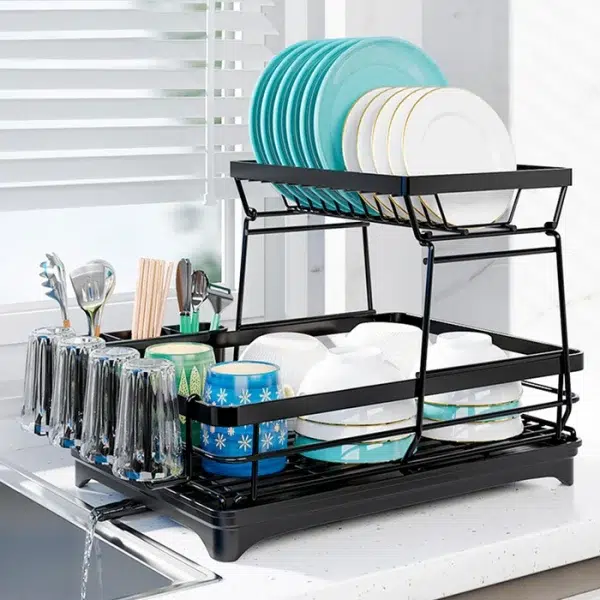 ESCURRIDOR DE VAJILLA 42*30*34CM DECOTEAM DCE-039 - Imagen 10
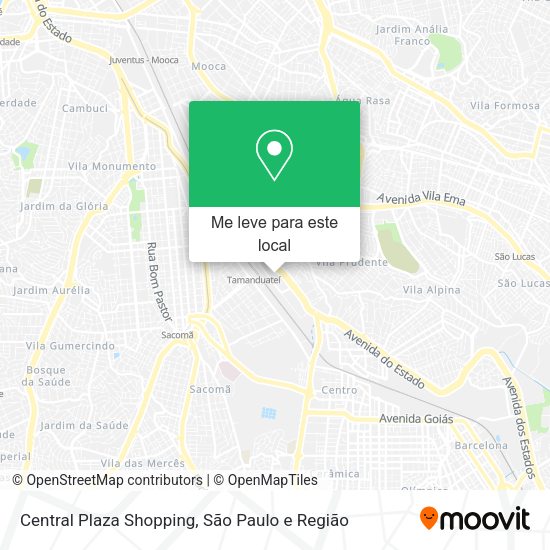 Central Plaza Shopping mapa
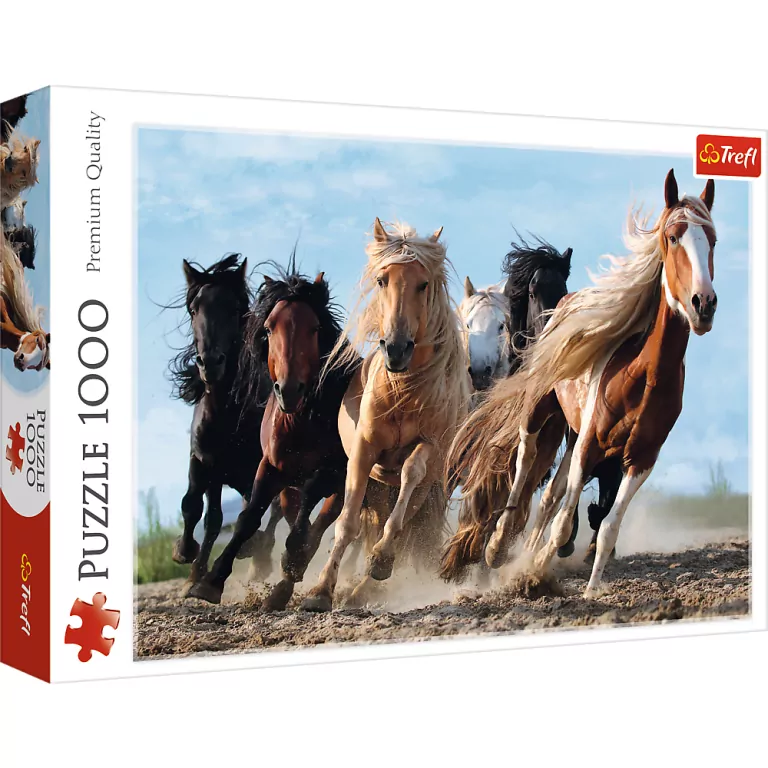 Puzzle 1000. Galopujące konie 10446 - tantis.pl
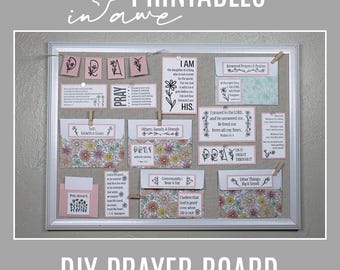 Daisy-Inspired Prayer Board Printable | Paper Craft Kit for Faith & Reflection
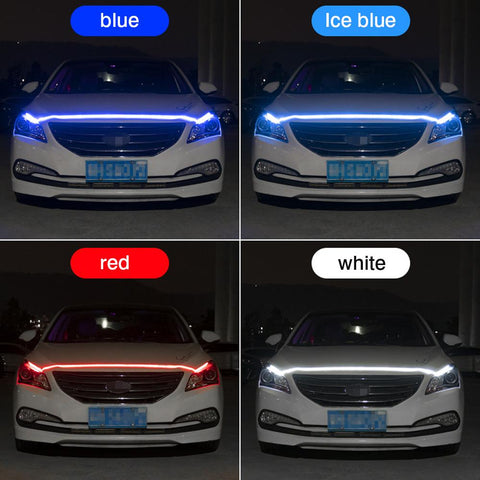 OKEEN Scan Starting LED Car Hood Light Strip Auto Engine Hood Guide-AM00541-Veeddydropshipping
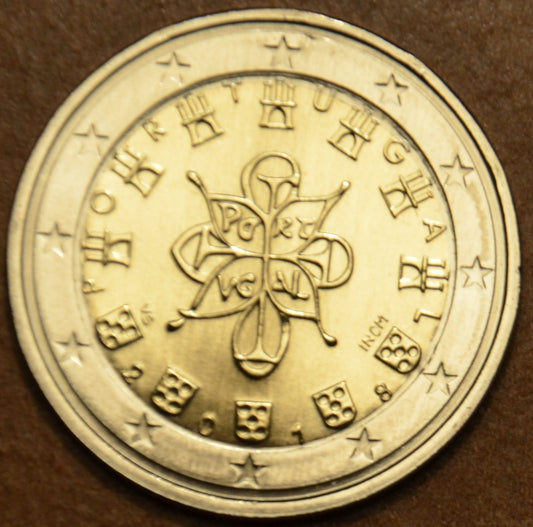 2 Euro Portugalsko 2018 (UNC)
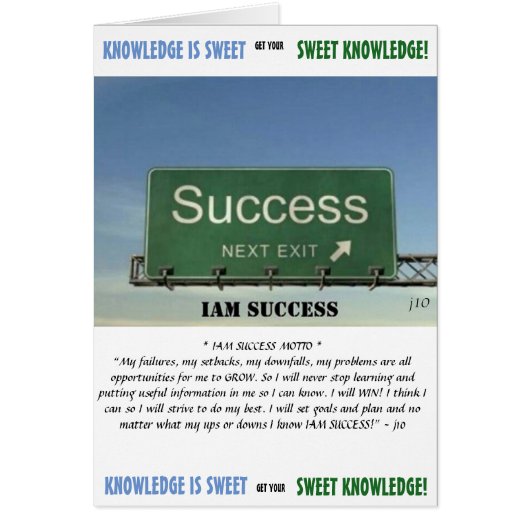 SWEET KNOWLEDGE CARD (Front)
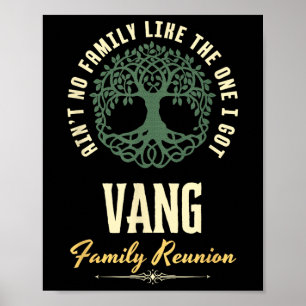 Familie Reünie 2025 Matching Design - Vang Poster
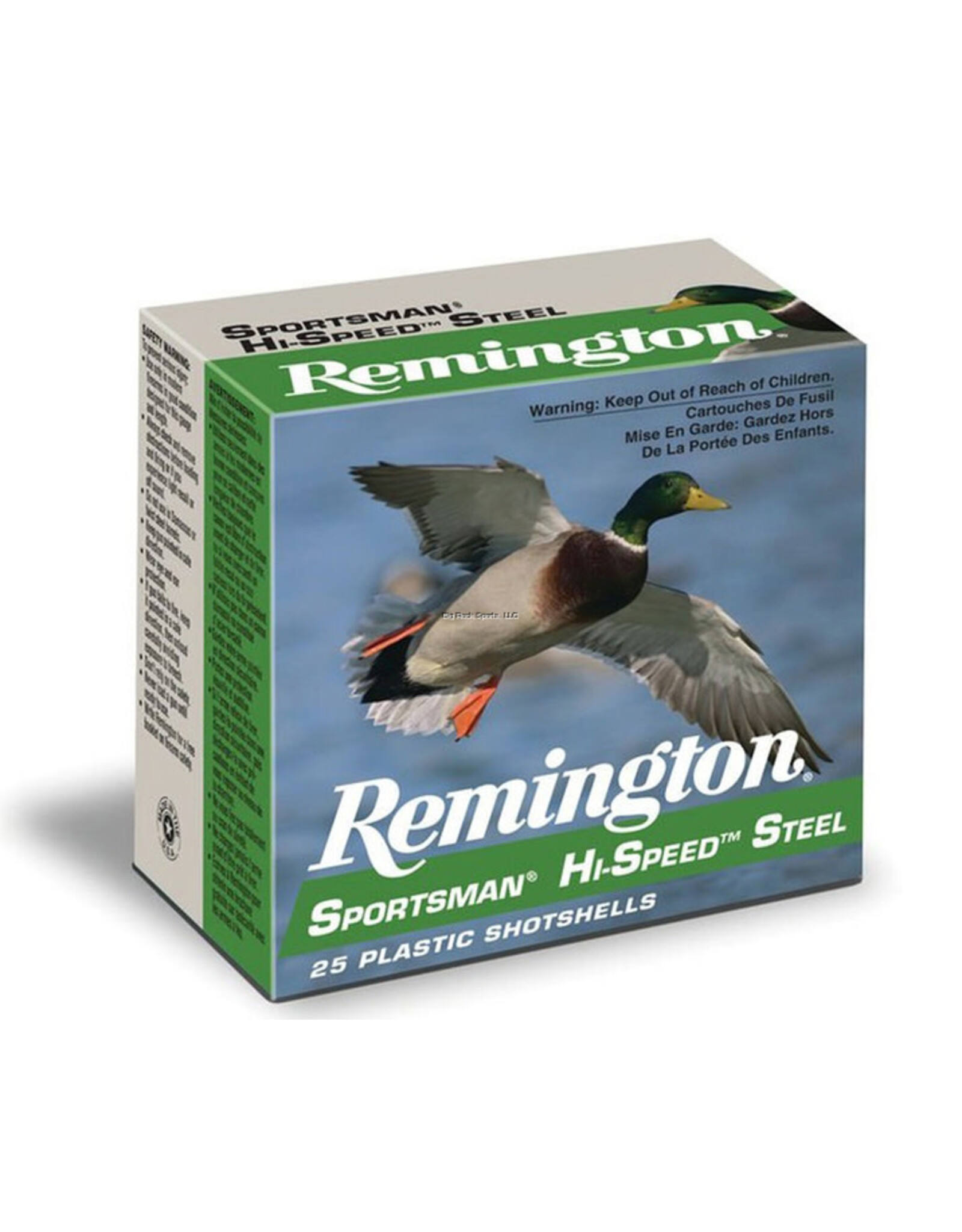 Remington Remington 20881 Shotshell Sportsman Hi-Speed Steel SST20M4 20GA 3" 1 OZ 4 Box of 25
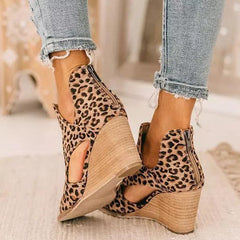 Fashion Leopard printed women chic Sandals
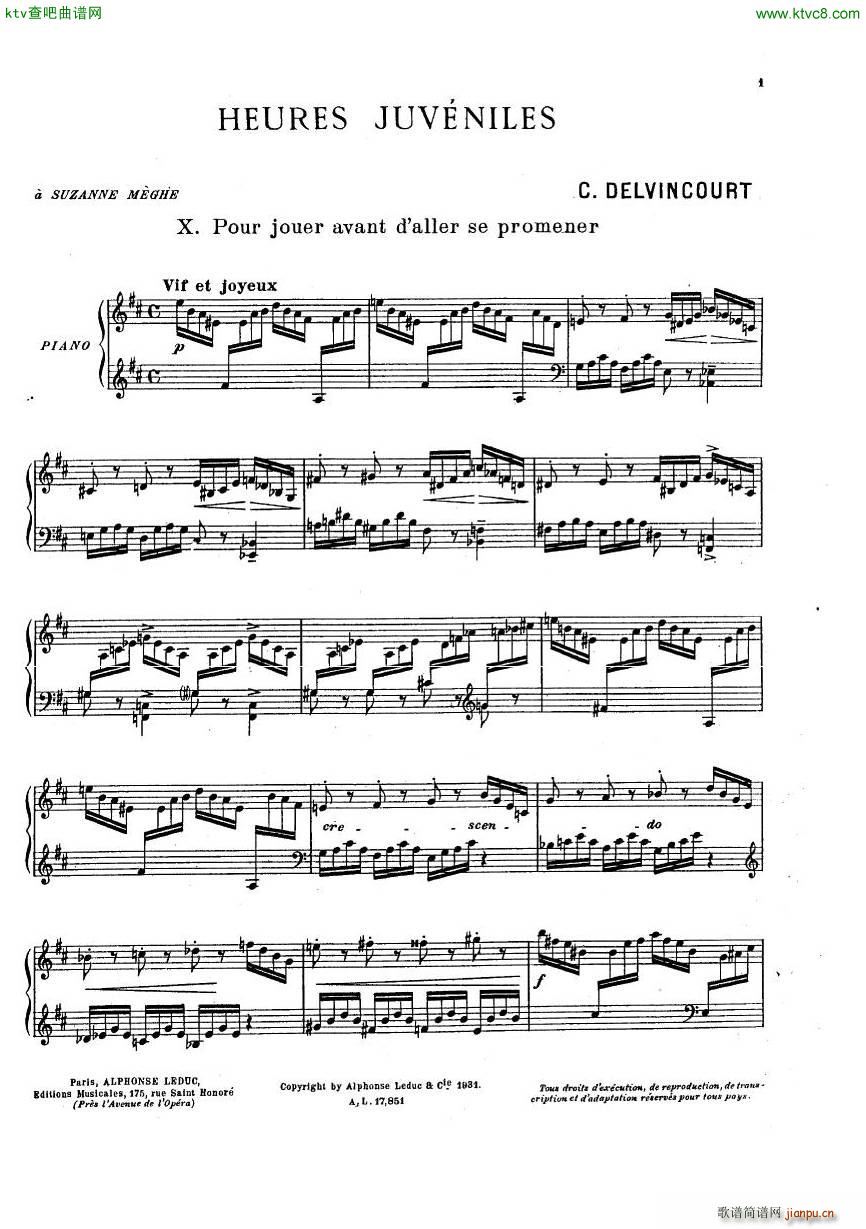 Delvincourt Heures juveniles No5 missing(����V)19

_ _ _

**Your assignment:** Copy the records shown above in their entirety and exactly; images are to be left out.

**Written answer:**
 ESCURRIDOR DE VAJILLA 42*30*34CM DECOTEAM DCE-039 - Imagen 10
 Central Plaza Shopping mapa
 Puzzle 1000. Galopujące konie 10446 - tantis.pl
 Daisy-Inspired Prayer Board Printable | Paper Craft Kit for Faith & Reflection
 OKEEN Scan Starting LED Car Hood Light Strip Auto Engine Hood Guide-AM00541-Veeddydropshipping
 2 Euro Portugalsko 2018 (UNC)
 SWEET KNOWLEDGE CARD (Front)
 Familie Reünie 2025 Matching Design - Vang Poster
 Remington Remington 20881 Shotshell Sportsman Hi-Speed Steel SST20M4 20GA 3" 1 OZ 4 Box of 25
 Fashion Leopard printed women chic Sandals
 Delvincourt Heures juveniles No5 missing(����V)19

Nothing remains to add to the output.